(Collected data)
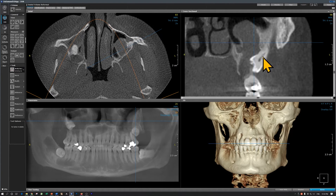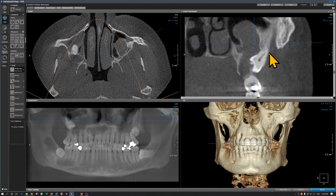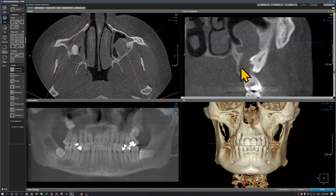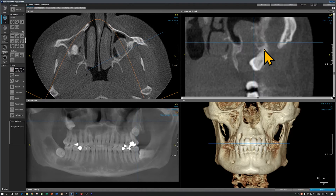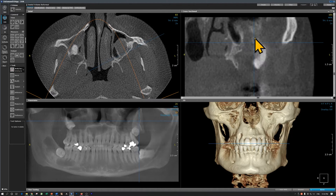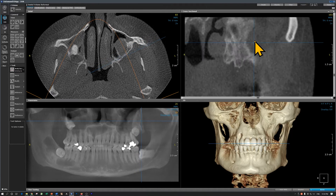The third molar is impacted and palatally oriented. The root of the third molar is in contact with the buccal cortical plate. This is the long odontogenic keratocyst without much expansion on the buccal or on the lingual, although it is elongated. That's the odontogenic keratocyst. I'm going to move to the mandibular region.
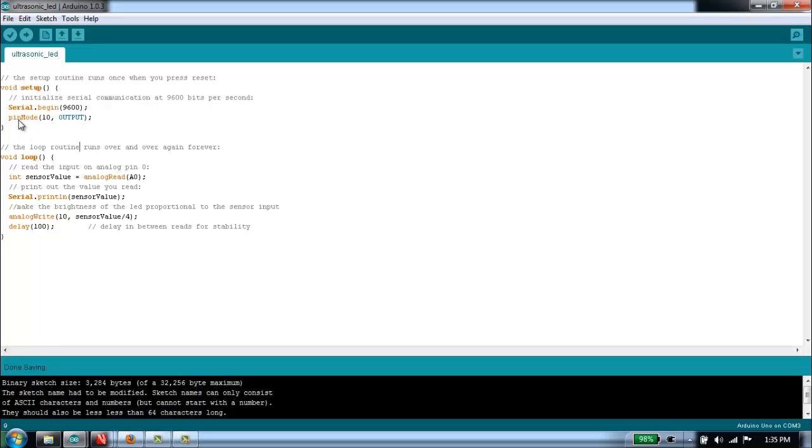I'm going to set up one of the digital pins, pin number 10, as an output. I'm going to use that to control the brightness of an LED depending on how far away a particular object is.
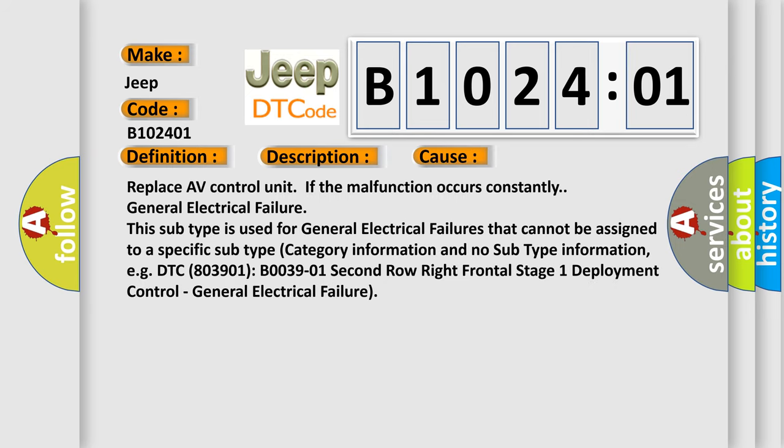Replace AV control unit if the malfunction occurs constantly. General electrical failure. This subtype is used for general electrical failures that cannot be assigned to a specific subtype category information and no subtype information.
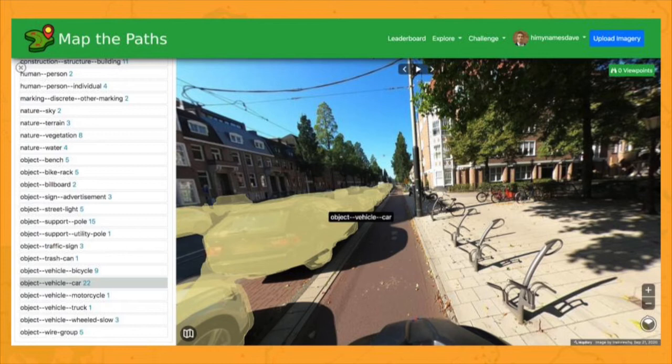Here's an example showing pixels that have been assigned as cars. Freely available models can detect many other objects, including street furniture and signage.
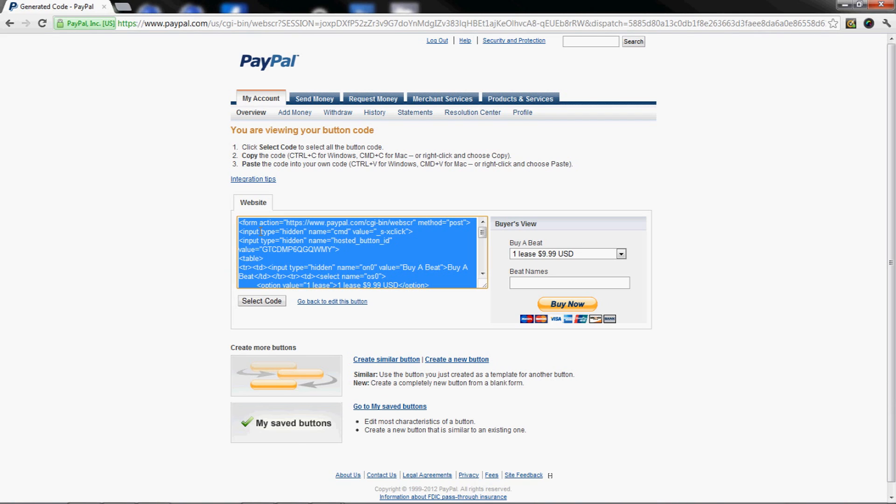For all my clients that I'm designing for that are watching this video, this is what I'm gonna need. Copy this and send it to me in an email. I'll take care of the rest for you - I'll put it up in your SoundClick page and you'll be good to go.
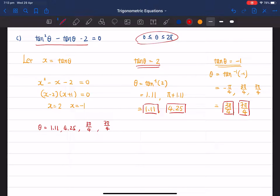This question requires converting to a quadratic first, then solving for x, and finally finding θ. Combining all answers: θ = 1.11, 4.25, 3π/4, and 7π/4. That is the final answer for this question.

EXERCISE: An exact reproduction of all the records is required, with no pictures included.

TASK RESPONSE:
The third molar is impacted and palatally oriented. The root of the third molar is in contact with the buccal cortical plate. This is the long odontogenic keratocyst without much expansion on the buccal or on the lingual, although it is elongated. That's the odontogenic keratocyst. I'm going to move to the mandibular region.
I'm going to set up one of the digital pins, pin number 10, as an output. I'm going to use that to control the brightness of an LED depending on how far away a particular object is.
Replace AV control unit if the malfunction occurs constantly. General electrical failure. This subtype is used for general electrical failures that cannot be assigned to a specific subtype category information and no subtype information.
Here's an example showing pixels that have been assigned as cars. Freely available models can detect many other objects, including street furniture and signage.
For all my clients that I'm designing for that are watching this video, this is what I'm gonna need. Copy this and send it to me in an email. I'll take care of the rest for you - I'll put it up in your SoundClick page and you'll be good to go.
This question requires converting to a quadratic first, then solving for x, and finally finding θ. Combining all answers: θ = 1.11, 4.25, 3π/4, and 7π/4. That is the final answer for this question.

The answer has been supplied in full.